Sainsbury’s Tech Engineering

8 min readMar 13, 2018

This week we stumbled into an interesting little problem with one of our node applications. This microservice was responsible for converting a JSON object into an HTML email with a plaintext counterpart. For those of you who have “enjoyed” the “fun” of generating HTML that will work with all the major mail clients, you may have stumbled into this similar issue.

Many mail clients can’t be expected to work reliably with CSS; one in particular (ahem… Outlook) is a bit of a loose cannon. As such, you need to remove doubt. How do we do that? We inline all the CSS we can. For this, we used the fantastic juice library.

Unfortunately, when we began pushing some load through this new creation, we found response times of 200–300ms. This, on its own wasn’t too bad. Mixed with hundreds of concurrent requests, it spelled trouble. We identified a few key things that we needed to improve about our application:

Speeding up the time it takes to generate an email.
A better utilisation of the CPU.
Better handling of concurrent requests.

How we measured success

We had a variety of tools at our fingertips to provide insight into the behaviour of our system.
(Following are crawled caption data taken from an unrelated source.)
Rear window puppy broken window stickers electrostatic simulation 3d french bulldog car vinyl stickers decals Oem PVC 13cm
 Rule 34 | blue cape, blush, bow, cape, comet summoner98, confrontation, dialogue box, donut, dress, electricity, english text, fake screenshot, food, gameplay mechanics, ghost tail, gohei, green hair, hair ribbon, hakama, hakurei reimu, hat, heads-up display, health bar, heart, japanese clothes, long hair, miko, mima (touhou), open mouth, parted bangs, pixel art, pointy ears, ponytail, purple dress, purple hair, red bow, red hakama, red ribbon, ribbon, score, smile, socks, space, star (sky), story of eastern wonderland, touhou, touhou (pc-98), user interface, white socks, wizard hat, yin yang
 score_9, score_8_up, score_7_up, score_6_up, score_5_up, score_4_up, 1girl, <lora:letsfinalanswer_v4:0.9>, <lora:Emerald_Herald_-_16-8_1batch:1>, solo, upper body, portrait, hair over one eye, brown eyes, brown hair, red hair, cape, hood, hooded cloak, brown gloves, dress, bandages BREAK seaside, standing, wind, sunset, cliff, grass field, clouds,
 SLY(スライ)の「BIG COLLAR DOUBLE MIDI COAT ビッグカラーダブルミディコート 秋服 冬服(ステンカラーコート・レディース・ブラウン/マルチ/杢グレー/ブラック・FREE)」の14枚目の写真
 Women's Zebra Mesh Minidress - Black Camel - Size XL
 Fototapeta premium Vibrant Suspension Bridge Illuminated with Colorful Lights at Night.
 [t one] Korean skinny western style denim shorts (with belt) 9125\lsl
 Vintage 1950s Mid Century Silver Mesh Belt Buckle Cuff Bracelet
We used our Elastic stack to visualise application logs, giving us insight into what was being processed slowly or not at all.

We were utilising Cloudwatch metrics to give us the CPU, Memory usage and Network IO of both our applications and database servers. These provided critical insights into where the bottlenecks were.

Later on in our investigation, we moved over to Grafana, allowing us to visualise all of our Cloudwatch metrics and application logs in one place, to more easily compare, for example, when slow downs in performance coincided with CPU spikes.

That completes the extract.